Fig. 2. Temperature evolution of the band structures in WTe$_2$ measured along typical momentum cuts. (a)–(c) Band structures measured along cuts 1, 2 and 3 at different temperatures. The locations of the momentum cuts are marked by red lines in (i). (d)–(f) The momentum distribution curves (MDCs) at the Fermi level measured at different temperatures in (a)–(c). Black arrows mark the hole pockets and red arrows mark the electron pockets. [(g), (h)] The energy distribution curves (EDCs) at different temperatures measured at the momenta (a) and (b), as marked by yellow circles in (i). The left panels show the original EDCs, and the right panels show the symmetrical EDCs. (i) Fermi surface of WTe$_2$ measured at 20 K. The locations of the momentum cuts are marked.
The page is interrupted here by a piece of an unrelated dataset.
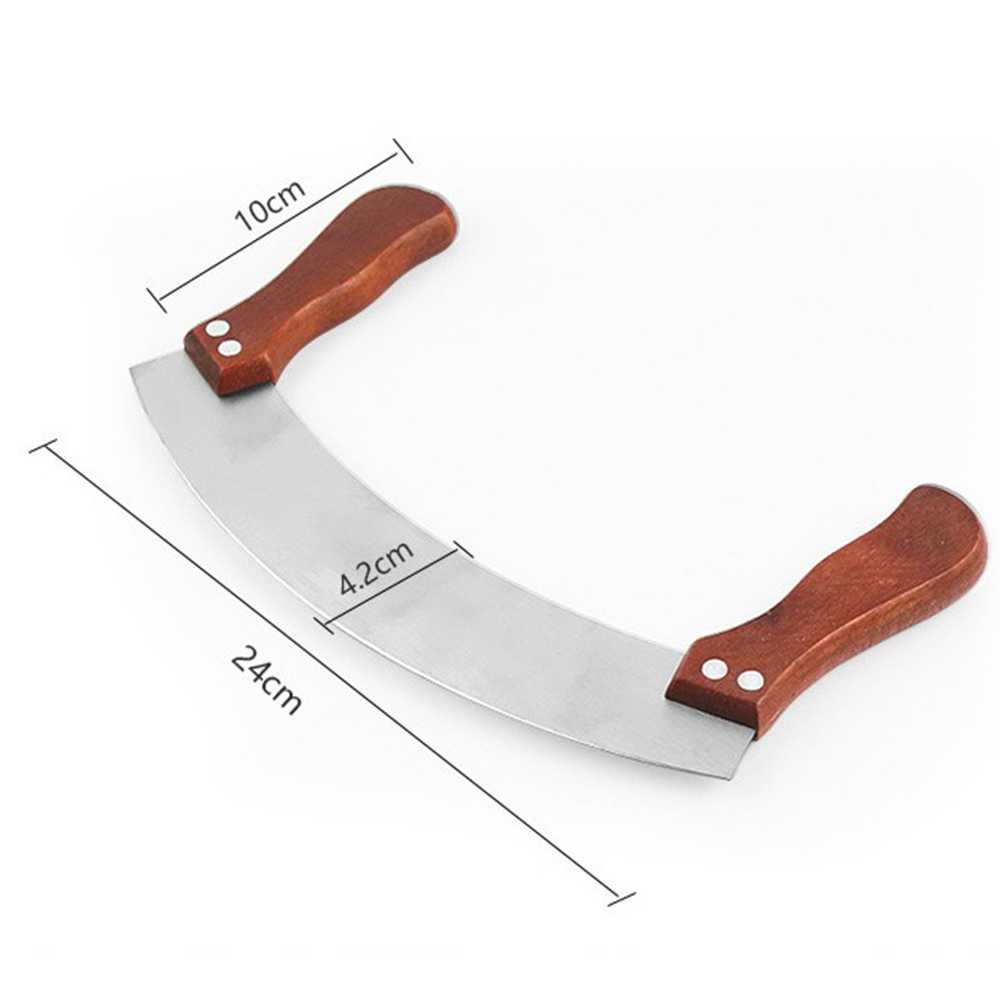 1pc Double Handle Nougat Cutte - Commercial Kitchen Accessories review and price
In (d)–(h), the bottom curves correspond to the temperature back to 20 K.

Fig. 3. Temperature evolution of the band structures in WTe$_2$ measured along ${\it \Gamma}$–$X$ and ${\it \Gamma}$–$Y$ directions. (a) Fermi surface of WTe$_2$ measured at 20 K. Two momentum cuts 1 and 2 are marked by red lines. [(b), (c)] Band structures measured at different temperatures along cuts 1 and 2, respectively. (d) The EDCs at ${\it \Gamma}$ point measured at different temperatures. The locations of the EDCs are marked by white circles in (a). Red arrows mark the peaks of the flat band and black arrows mark the other band. (e) The integral EDCs of the ${\it \Gamma}$ area.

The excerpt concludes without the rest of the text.